Le Fonds de dotation de l’Arbre aux Hérons lit-il Nantes + ? Nous avions signalé le 1er juillet que la publication de ses comptes au Journal officiel était irrégulière : il y manquait la certification d’un commissaire aux comptes. Le Fonds vient de publier des comptes rectificatifs, désormais certifiés par Jean-Michel Picaud, président de RSM Ouest.
L’essentiel de son rapport, comme c’est la coutume dans la profession, est destiné à ouvrir le parapluie – « notre objectif est d’obtenir l’assurance raisonnable que les comptes annuels pris dans leur ensemble ne comportent pas d’anomalies significatives ». En gros, les comptes sont à peu près justes.
« Les comptes annuels ont été arrêtés par le président du conseil d’administration », note pourtant le commissaire aux comptes. N’est-ce pas là une anomalie ? L’article 6.4 des statuts du fonds spécifie que ses comptes sont approuvés par le conseil d’administration. Lequel comprend du beau monde : des représentants de Nantes Métropole, de la CCI de Nantes-Saint-Nazaire, du Medef, etc.
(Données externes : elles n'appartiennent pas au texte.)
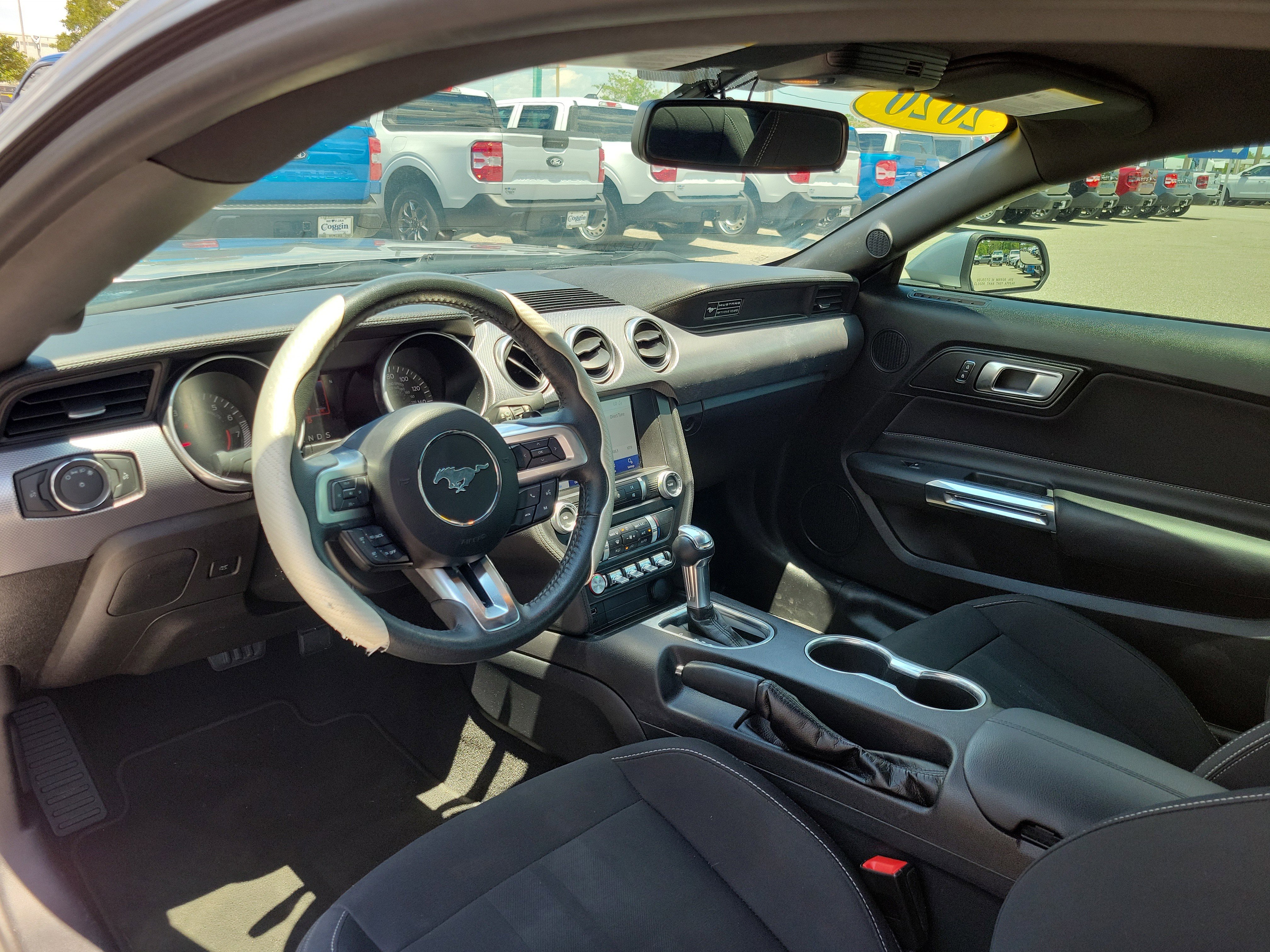 Used 2020 Ford Mustang Coupe w/ Equipment Group 101A RWD image 15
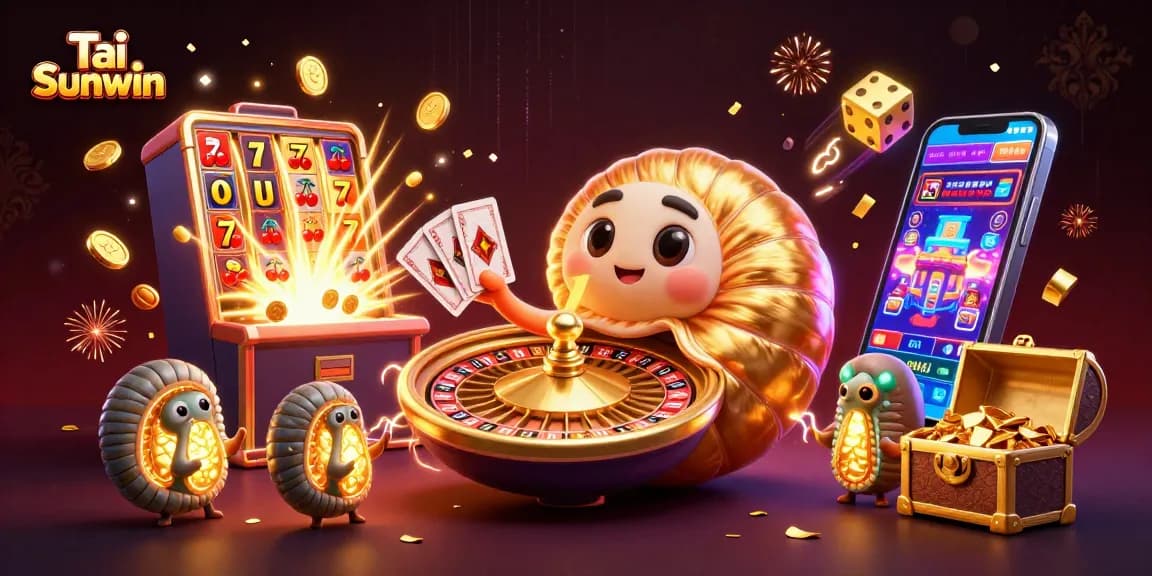 Tải Sunwin and win big in an engaging online casino world with dynamic gaming visuals!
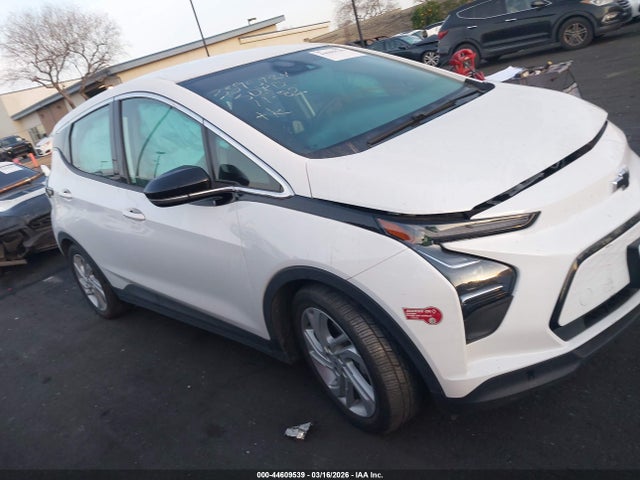1G1FW6S03P4156540 Chevrolet Bolt Ev Fwd 1lt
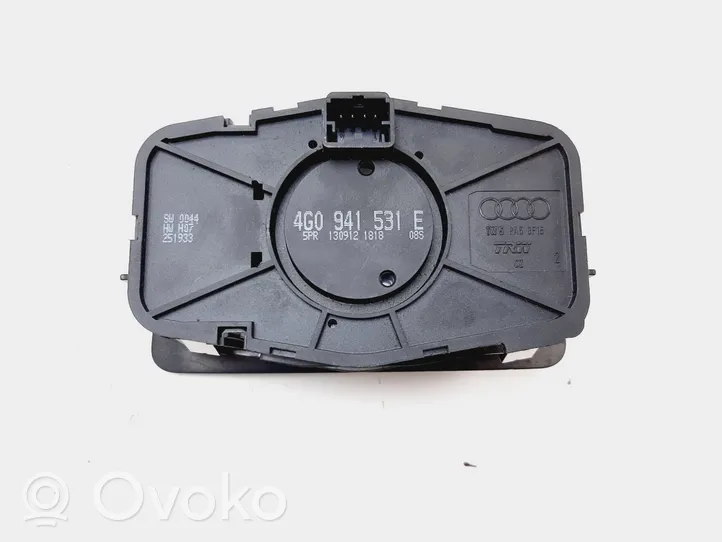 Audi A6 S6 C7 4G Valokatkaisija 4G0941531E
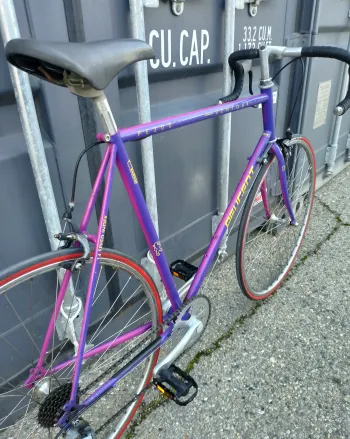 Used Peugeot PE300 Ventoux 1980 Road & Gravel, Violett — image 6 of 7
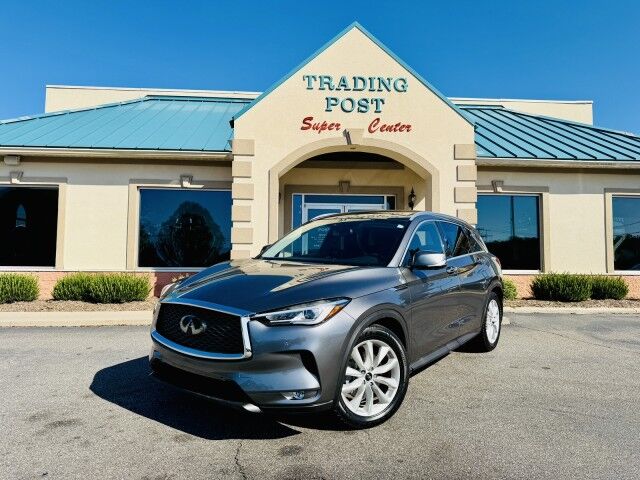 2019 INFINITI QX50 ESSENTIAL Conover NC
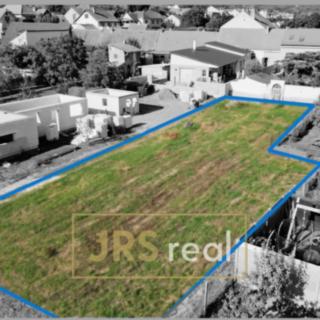 Prodej stavební parcely 837 m² Milovice
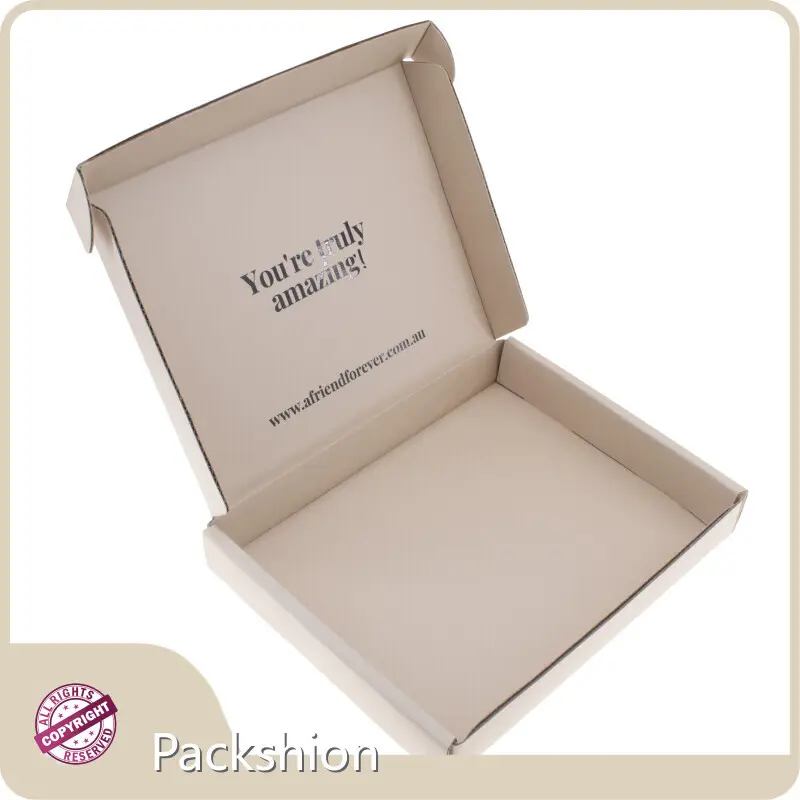 Corrugated Shipping Boxes - - Packshion 1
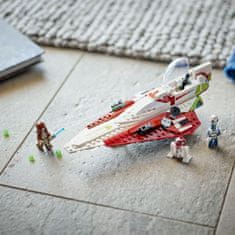 LEGO Star Wars 75333 Jedi Fighter Obi-Wana Kenobija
Le président, Bruno Hug de Larauze, n’a pas à endosser toute la responsabilité des comptes.
La réserve la plus importante exprimée par le commissaire aux comptes est celle-ci : « comme précisé par l’article L823-10-1 du code de commerce, notre mission de certification des comptes ne consiste pas à garantir la viabilité ou la qualité de gestion du fonds de dotation ». Cette mention est classique. Mais elle ne dit pas tout. Si des événements, même postérieurs à la clôture de l’exercice, risquent de compromettre l’avenir, le commissaire aux comptes « attire l’attention des lecteurs » sur ce risque. Oh ! mais que lit-on à la première page du rapport ? « Nous attirons votre attention sur le point suivant […] concernant la demande de rescrit fiscal ».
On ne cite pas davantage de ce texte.